→ Activity: Retype the listing that follows, leaving nothing out.

→ Input data:
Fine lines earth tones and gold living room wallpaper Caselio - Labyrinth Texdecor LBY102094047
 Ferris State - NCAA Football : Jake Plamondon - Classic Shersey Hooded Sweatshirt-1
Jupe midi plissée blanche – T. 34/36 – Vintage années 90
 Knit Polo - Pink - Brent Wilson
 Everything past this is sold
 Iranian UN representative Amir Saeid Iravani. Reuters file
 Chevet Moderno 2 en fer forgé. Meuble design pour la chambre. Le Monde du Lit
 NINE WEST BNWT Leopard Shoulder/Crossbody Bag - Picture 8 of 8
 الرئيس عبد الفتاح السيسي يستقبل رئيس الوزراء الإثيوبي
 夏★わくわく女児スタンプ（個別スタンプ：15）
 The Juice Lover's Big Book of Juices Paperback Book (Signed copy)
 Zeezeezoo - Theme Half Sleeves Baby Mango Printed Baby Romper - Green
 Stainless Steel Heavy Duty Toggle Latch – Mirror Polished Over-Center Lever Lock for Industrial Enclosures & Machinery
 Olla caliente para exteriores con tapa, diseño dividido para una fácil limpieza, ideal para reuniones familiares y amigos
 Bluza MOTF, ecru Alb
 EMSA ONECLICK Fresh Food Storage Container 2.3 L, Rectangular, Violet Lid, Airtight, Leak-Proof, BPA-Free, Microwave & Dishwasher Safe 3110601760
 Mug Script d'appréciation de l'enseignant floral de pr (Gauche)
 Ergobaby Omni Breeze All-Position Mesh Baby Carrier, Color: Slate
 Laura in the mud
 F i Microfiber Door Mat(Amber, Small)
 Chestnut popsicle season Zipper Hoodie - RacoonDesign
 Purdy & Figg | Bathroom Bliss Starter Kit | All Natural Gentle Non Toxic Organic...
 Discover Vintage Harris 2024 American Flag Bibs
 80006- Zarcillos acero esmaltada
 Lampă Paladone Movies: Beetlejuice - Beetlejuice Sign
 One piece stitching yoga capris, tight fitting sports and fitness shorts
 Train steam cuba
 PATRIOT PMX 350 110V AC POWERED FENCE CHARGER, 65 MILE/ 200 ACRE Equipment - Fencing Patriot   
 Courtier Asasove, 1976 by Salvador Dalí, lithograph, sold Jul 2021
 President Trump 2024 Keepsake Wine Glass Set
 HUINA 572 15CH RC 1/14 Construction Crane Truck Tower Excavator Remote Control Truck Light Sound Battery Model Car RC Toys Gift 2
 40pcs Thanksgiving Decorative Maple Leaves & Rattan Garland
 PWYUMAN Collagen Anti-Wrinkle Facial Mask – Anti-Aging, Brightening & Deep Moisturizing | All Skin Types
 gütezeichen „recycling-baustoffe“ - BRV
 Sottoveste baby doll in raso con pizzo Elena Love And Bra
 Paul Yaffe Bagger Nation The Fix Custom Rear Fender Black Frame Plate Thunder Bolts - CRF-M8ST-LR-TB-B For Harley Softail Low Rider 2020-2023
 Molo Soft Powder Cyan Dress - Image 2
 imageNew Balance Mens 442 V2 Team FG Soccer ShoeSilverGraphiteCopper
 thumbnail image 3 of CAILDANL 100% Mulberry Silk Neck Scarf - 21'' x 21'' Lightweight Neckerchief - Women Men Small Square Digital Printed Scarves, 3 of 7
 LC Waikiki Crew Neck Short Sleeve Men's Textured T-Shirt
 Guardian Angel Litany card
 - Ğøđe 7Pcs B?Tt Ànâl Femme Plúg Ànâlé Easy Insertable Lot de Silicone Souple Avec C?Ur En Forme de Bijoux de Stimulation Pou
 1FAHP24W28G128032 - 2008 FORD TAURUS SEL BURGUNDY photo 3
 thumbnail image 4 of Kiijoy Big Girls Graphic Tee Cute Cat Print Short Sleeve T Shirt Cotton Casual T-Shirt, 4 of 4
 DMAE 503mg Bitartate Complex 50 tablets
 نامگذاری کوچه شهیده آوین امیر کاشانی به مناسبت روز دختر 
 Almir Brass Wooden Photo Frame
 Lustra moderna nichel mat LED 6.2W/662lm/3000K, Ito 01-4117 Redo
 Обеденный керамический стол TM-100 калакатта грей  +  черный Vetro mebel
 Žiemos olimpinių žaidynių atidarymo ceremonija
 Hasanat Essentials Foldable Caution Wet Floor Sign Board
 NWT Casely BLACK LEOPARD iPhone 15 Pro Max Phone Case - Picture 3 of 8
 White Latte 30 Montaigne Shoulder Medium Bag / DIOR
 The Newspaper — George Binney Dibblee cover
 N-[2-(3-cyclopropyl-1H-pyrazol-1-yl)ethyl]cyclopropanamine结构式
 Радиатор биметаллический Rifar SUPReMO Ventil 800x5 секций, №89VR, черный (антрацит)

→ Response box:
Fine lines earth tones and gold living room wallpaper Caselio - Labyrinth Texdecor LBY102094047
 Ferris State - NCAA Football : Jake Plamondon - Classic Shersey Hooded Sweatshirt-1
Jupe midi plissée blanche – T. 34/36 – Vintage années 90
 Knit Polo - Pink - Brent Wilson
 Everything past this is sold
 Iranian UN representative Amir Saeid Iravani. Reuters file
 Chevet Moderno 2 en fer forgé. Meuble design pour la chambre. Le Monde du Lit
 NINE WEST BNWT Leopard Shoulder/Crossbody Bag - Picture 8 of 8
 الرئيس عبد الفتاح السيسي يستقبل رئيس الوزراء الإثيوبي
 夏★わくわく女児スタンプ（個別スタンプ：15）
 The Juice Lover's Big Book of Juices Paperback Book (Signed copy)
 Zeezeezoo - Theme Half Sleeves Baby Mango Printed Baby Romper - Green
 Stainless Steel Heavy Duty Toggle Latch – Mirror Polished Over-Center Lever Lock for Industrial Enclosures & Machinery
 Olla caliente para exteriores con tapa, diseño dividido para una fácil limpieza, ideal para reuniones familiares y amigos
 Bluza MOTF, ecru Alb
 EMSA ONECLICK Fresh Food Storage Container 2.3 L, Rectangular, Violet Lid, Airtight, Leak-Proof, BPA-Free, Microwave & Dishwasher Safe 3110601760
 Mug Script d'appréciation de l'enseignant floral de pr (Gauche)
 Ergobaby Omni Breeze All-Position Mesh Baby Carrier, Color: Slate
 Laura in the mud
 F i Microfiber Door Mat(Amber, Small)
 Chestnut popsicle season Zipper Hoodie - RacoonDesign
 Purdy & Figg | Bathroom Bliss Starter Kit | All Natural Gentle Non Toxic Organic...
 Discover Vintage Harris 2024 American Flag Bibs
 80006- Zarcillos acero esmaltada
 Lampă Paladone Movies: Beetlejuice - Beetlejuice Sign
 One piece stitching yoga capris, tight fitting sports and fitness shorts
 Train steam cuba
 PATRIOT PMX 350 110V AC POWERED FENCE CHARGER, 65 MILE/ 200 ACRE Equipment - Fencing Patriot   
 Courtier Asasove, 1976 by Salvador Dalí, lithograph, sold Jul 2021
 President Trump 2024 Keepsake Wine Glass Set
 HUINA 572 15CH RC 1/14 Construction Crane Truck Tower Excavator Remote Control Truck Light Sound Battery Model Car RC Toys Gift 2
 40pcs Thanksgiving Decorative Maple Leaves & Rattan Garland
 PWYUMAN Collagen Anti-Wrinkle Facial Mask – Anti-Aging, Brightening & Deep Moisturizing | All Skin Types
 gütezeichen „recycling-baustoffe“ - BRV
 Sottoveste baby doll in raso con pizzo Elena Love And Bra
 Paul Yaffe Bagger Nation The Fix Custom Rear Fender Black Frame Plate Thunder Bolts - CRF-M8ST-LR-TB-B For Harley Softail Low Rider 2020-2023
 Molo Soft Powder Cyan Dress - Image 2
 imageNew Balance Mens 442 V2 Team FG Soccer ShoeSilverGraphiteCopper
 thumbnail image 3 of CAILDANL 100% Mulberry Silk Neck Scarf - 21'' x 21'' Lightweight Neckerchief - Women Men Small Square Digital Printed Scarves, 3 of 7
 LC Waikiki Crew Neck Short Sleeve Men's Textured T-Shirt
 Guardian Angel Litany card
 - Ğøđe 7Pcs B?Tt Ànâl Femme Plúg Ànâlé Easy Insertable Lot de Silicone Souple Avec C?Ur En Forme de Bijoux de Stimulation Pou
 1FAHP24W28G128032 - 2008 FORD TAURUS SEL BURGUNDY photo 3
 thumbnail image 4 of Kiijoy Big Girls Graphic Tee Cute Cat Print Short Sleeve T Shirt Cotton Casual T-Shirt, 4 of 4
 DMAE 503mg Bitartate Complex 50 tablets
 نامگذاری کوچه شهیده آوین امیر کاشانی به مناسبت روز دختر 
 Almir Brass Wooden Photo Frame
 Lustra moderna nichel mat LED 6.2W/662lm/3000K, Ito 01-4117 Redo
 Обеденный керамический стол TM-100 калакатта грей  +  черный Vetro mebel
 Žiemos olimpinių žaidynių atidarymo ceremonija
 Hasanat Essentials Foldable Caution Wet Floor Sign Board
 NWT Casely BLACK LEOPARD iPhone 15 Pro Max Phone Case - Picture 3 of 8
 White Latte 30 Montaigne Shoulder Medium Bag / DIOR
 The Newspaper — George Binney Dibblee cover
 N-[2-(3-cyclopropyl-1H-pyrazol-1-yl)ethyl]cyclopropanamine结构式
 Радиатор биметаллический Rifar SUPReMO Ventil 800x5 секций, №89VR, черный (антрацит)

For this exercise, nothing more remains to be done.